TASK REQUIREMENTS »
Please return the lines below verbatim, beginning at the one that has "Then this will" and stopping after the one that has "So which saree", and add no other lines.

LISTED RECORDS »
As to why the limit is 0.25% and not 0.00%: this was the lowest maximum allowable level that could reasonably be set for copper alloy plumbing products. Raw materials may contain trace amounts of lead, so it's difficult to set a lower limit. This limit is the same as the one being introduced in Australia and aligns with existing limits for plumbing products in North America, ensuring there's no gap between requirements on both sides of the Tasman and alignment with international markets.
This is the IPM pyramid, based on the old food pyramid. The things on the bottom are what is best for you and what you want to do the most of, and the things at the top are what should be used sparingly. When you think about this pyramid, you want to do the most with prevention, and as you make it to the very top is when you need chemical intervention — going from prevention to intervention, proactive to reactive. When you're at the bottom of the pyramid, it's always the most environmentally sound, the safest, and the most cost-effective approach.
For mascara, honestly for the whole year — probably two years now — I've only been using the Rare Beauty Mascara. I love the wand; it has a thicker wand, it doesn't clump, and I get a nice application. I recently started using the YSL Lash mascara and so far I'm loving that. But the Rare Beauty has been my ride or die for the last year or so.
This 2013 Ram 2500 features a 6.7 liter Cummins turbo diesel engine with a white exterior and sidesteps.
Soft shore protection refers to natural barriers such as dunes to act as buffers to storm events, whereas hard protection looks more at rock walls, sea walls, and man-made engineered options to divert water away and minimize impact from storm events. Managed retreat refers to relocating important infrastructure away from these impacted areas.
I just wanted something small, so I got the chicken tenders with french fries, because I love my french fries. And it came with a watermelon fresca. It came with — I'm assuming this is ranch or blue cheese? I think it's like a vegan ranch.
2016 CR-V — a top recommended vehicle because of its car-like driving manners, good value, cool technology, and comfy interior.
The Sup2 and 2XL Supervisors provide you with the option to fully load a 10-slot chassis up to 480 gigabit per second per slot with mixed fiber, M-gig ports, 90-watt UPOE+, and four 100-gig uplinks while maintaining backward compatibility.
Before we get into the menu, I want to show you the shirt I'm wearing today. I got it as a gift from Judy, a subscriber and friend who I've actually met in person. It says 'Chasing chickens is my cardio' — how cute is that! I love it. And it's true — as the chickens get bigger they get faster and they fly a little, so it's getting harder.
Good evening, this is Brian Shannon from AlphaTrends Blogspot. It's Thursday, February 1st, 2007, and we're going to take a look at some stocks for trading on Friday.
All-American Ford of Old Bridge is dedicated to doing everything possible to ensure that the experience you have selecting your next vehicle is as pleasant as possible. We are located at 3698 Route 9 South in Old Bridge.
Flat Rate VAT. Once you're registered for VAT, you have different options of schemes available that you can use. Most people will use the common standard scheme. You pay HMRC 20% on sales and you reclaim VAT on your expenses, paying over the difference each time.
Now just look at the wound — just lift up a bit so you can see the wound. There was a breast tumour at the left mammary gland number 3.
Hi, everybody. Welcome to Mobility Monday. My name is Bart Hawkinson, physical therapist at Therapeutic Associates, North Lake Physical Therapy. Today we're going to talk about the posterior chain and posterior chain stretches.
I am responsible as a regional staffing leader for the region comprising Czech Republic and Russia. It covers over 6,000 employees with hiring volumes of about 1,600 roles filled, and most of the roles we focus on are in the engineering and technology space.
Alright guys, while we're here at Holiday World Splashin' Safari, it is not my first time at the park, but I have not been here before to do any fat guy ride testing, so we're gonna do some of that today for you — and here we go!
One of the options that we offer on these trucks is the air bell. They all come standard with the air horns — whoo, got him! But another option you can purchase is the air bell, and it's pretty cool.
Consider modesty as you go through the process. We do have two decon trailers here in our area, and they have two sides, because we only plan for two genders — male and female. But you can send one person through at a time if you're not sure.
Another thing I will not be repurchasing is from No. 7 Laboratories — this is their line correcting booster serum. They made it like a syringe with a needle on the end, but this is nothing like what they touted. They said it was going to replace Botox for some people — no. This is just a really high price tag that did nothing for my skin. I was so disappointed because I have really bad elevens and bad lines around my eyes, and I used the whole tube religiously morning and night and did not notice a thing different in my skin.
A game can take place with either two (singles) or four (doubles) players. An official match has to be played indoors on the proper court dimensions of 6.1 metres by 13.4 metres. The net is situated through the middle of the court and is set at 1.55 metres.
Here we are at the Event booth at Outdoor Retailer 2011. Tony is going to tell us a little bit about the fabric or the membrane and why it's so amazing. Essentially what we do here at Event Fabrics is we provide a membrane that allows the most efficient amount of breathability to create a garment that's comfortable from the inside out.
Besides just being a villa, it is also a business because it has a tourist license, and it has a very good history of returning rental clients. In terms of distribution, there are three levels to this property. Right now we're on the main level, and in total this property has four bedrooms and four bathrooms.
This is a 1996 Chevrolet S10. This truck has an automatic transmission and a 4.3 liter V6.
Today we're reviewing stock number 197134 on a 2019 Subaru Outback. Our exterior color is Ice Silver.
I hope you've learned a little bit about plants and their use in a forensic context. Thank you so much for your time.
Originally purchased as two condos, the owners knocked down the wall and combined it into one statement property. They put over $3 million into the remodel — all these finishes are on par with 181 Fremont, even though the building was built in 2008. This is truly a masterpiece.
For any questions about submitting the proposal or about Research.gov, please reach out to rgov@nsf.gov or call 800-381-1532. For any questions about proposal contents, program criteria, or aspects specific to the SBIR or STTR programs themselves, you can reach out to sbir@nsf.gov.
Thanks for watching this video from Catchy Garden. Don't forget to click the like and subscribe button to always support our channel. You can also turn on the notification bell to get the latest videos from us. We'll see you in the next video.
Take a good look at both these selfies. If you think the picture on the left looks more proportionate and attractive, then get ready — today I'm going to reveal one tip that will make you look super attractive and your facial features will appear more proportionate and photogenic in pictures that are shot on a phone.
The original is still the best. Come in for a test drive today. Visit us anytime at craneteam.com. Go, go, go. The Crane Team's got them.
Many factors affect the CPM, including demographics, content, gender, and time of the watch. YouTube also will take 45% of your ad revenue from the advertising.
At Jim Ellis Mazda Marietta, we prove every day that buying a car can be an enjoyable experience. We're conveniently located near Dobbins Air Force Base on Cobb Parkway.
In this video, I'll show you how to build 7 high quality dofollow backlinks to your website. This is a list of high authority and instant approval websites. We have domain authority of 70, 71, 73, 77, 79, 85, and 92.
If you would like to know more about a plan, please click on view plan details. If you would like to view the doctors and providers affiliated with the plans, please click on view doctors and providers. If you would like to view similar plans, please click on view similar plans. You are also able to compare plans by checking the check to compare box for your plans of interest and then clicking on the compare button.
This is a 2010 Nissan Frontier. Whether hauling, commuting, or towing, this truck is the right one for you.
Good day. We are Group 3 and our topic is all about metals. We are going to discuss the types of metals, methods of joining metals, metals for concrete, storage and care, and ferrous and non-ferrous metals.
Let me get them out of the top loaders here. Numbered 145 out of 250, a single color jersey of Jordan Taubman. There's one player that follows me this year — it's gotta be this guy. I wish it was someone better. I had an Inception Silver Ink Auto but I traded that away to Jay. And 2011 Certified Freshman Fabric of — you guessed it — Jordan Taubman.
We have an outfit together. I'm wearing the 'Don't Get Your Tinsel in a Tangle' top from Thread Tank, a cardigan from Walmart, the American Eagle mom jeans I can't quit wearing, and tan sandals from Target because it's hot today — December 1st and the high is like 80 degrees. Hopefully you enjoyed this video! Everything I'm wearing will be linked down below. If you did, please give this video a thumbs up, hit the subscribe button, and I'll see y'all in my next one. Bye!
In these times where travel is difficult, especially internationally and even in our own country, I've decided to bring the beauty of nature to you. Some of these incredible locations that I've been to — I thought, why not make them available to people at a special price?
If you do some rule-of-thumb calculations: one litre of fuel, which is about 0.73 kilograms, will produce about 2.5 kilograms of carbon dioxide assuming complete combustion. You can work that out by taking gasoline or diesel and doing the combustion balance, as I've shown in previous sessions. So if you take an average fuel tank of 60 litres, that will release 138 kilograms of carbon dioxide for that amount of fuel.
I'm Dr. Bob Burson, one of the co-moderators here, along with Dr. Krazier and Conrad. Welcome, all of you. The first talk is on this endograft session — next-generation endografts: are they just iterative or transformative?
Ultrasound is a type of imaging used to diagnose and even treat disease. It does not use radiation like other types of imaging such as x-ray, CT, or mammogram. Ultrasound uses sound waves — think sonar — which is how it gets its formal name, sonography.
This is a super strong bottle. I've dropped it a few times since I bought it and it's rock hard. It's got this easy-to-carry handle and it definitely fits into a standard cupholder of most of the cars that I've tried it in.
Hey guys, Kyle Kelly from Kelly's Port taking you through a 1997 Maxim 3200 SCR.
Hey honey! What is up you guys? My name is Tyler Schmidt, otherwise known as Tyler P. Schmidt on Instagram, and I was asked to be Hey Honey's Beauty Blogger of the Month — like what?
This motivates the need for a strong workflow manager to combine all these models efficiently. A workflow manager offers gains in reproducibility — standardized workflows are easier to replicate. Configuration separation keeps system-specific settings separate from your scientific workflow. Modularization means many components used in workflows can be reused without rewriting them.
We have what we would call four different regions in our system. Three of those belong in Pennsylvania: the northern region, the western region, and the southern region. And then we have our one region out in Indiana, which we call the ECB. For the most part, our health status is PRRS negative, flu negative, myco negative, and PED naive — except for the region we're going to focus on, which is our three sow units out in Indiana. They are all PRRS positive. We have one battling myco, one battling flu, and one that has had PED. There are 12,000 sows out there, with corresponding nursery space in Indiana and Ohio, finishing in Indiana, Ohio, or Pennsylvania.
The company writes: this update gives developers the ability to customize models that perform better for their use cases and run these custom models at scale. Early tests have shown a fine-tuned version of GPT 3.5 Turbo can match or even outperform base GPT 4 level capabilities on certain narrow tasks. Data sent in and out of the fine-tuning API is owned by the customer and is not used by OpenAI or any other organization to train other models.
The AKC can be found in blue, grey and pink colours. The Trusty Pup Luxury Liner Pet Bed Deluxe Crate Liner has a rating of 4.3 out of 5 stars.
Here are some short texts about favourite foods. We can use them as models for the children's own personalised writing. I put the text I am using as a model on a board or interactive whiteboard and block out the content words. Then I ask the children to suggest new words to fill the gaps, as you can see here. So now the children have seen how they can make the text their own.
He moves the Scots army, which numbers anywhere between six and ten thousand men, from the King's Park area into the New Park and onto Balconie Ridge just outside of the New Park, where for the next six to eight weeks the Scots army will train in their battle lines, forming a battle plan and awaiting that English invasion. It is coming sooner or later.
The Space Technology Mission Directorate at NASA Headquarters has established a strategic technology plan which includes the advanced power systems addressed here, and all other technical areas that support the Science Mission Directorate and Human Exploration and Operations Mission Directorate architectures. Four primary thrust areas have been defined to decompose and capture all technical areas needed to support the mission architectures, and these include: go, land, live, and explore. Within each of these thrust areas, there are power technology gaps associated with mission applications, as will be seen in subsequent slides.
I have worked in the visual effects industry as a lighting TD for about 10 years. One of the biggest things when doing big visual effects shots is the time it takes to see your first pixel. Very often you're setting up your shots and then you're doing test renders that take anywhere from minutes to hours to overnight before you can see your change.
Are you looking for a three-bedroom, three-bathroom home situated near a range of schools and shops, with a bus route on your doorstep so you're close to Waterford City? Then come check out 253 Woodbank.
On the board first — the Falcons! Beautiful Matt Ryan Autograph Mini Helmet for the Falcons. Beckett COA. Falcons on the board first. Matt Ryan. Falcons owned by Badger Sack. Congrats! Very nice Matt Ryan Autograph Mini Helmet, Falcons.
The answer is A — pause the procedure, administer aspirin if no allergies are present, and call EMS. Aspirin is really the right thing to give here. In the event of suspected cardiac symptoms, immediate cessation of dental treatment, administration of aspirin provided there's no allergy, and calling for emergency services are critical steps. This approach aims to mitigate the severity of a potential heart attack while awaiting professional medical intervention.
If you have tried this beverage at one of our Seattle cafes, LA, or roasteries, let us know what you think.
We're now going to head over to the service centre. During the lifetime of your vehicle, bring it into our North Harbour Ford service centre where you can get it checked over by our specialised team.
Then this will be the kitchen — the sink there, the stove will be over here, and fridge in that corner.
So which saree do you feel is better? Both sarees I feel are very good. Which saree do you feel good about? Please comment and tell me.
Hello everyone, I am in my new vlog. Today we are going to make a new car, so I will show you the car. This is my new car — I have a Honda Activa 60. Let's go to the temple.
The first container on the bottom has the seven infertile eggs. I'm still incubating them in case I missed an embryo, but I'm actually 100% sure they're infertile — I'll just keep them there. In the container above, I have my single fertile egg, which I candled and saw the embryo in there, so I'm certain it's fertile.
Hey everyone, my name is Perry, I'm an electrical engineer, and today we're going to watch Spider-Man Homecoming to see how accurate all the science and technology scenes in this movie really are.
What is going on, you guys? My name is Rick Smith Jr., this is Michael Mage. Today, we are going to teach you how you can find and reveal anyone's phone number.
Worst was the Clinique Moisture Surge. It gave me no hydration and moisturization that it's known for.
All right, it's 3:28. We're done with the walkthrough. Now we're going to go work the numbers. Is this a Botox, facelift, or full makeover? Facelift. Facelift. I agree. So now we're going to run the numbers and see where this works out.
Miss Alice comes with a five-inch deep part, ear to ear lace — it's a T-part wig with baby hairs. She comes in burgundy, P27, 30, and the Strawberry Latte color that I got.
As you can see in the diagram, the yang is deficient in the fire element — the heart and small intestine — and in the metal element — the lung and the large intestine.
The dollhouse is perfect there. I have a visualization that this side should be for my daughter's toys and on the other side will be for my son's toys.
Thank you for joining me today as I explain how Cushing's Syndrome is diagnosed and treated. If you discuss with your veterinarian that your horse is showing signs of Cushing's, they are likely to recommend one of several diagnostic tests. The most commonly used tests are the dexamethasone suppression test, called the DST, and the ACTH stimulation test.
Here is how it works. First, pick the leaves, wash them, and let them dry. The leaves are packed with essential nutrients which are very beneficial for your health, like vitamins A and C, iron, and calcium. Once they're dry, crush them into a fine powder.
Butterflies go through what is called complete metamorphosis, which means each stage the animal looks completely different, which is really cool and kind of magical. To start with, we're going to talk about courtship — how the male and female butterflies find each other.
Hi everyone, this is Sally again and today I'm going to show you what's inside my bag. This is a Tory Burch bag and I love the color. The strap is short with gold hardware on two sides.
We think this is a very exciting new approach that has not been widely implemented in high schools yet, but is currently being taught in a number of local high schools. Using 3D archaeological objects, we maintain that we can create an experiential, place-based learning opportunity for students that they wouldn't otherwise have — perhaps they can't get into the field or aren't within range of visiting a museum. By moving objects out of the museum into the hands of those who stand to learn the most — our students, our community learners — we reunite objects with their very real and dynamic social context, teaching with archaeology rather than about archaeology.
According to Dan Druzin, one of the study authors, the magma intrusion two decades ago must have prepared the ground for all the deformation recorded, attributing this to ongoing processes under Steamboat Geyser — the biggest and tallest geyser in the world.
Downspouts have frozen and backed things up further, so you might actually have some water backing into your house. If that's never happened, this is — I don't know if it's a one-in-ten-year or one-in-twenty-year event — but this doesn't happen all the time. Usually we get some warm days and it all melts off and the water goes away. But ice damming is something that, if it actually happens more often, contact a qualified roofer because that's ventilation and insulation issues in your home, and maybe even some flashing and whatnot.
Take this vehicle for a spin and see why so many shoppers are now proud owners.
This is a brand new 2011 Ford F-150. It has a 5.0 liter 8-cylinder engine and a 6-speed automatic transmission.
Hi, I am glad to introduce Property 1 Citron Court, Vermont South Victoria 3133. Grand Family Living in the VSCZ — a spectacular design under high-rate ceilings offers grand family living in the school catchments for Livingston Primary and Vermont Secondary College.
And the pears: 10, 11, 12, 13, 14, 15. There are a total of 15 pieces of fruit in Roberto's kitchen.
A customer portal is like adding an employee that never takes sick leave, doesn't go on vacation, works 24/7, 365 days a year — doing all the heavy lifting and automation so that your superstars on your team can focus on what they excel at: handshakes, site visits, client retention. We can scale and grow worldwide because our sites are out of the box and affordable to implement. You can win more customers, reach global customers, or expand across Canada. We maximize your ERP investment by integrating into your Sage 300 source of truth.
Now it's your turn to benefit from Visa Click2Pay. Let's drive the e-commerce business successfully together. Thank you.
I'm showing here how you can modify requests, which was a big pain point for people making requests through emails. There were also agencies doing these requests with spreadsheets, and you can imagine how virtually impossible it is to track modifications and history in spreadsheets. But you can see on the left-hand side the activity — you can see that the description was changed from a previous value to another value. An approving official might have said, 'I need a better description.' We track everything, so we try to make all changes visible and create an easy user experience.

REPLY TO THE TASK »
Then this will be the kitchen — the sink there, the stove will be over here, and fridge in that corner.
So which saree do you feel is better? Both sarees I feel are very good. Which saree do you feel good about? Please comment and tell me.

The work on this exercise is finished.